Most of the individual names will be unfamiliar to readers but they show the variety of our allies. First is Andrea Scarabelli, with whom I have worked hand-in-glove from within days of Nicholas’ death, and who I call Nicholas’ best friend. Without him ‘the Nicholas Effect’ could easily have petered out after a few years instead of being a force virtually every adult Italian still knows about.

     So let me take this opportunity to publicly thank the Ministry of Health, the National Bioethics Committee, the National Transplantation Center and the National Institute of Health, in all of which we have close contacts. And, thank you, Italian journalists for recognizing the importance of organ donation even when it was not making the headlines: your ability to see the suffering of real people behind the statistics made me feel very proud of being a journalist too. But especially I want to thank Luca Dini, former editor of Vanity Fair Italy and now editor of “F” magazine, Maria Emilia Bonaccorso, the health editor and Livia Parisi, the health reporter at ANSA, who have been the three media people most loyal to Nicholas’ memory.

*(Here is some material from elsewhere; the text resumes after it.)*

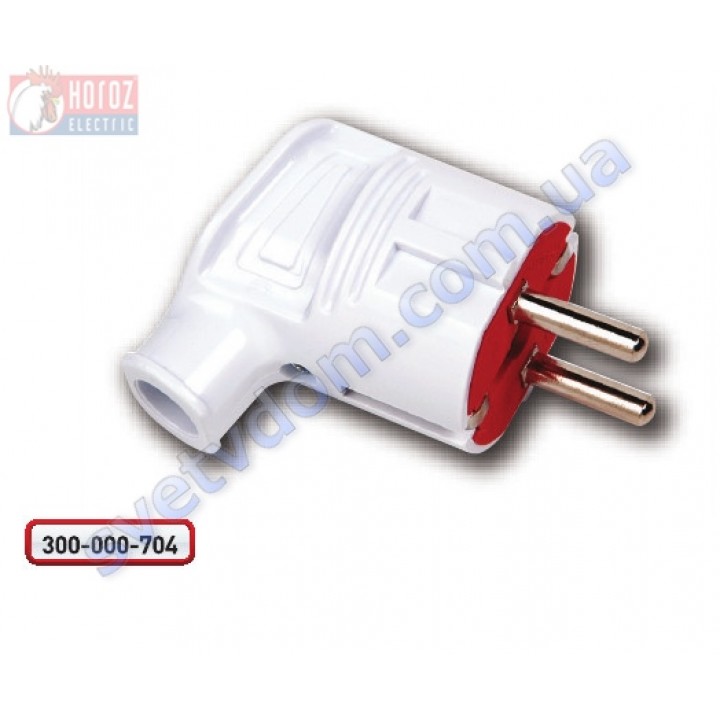 Вилка кутова з заземленням Horoz Electric 250V 16A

IMG_2772 SITO CONFERENCE, ROME 2016

At SITO conference (Rome, November 2016)

Thanks also to those branches I have visited of Aido (the volunteer group that works with donor families and recipients) with whom I have had some of the most enthusiastic meetings of my life — and especially the heroic and tenacious Piero Gallo at Aido Giussano — whose commitment has never wavered from the moment I met him — and to three of the most beautiful women in the world (Jamie Lee Curtis, Alessia Marcuzzi and Sophia Loren) all of whom have told me personally how deeply moved they were  by Nicholas’ story. Thanks also to Professor Natale De Santo and other professors of medicine, transplant physicians and nurses, to Giusy De Rosa, a teacher who I first met at one of the 31 schools that, all over Italy from the Alps to Sicily, were named for Nicholas, to Marco Galbiati (another father who lost a beloved son and joined us by collecting fifty thousand signatures after we began a national campaign to allow donor families to meet recipients) and the thousands — yes, thousands — of other people who have worked with us in the last 27 years! With such enlightened activists is it any wonder that Italian donation rates are now among the highest in the world?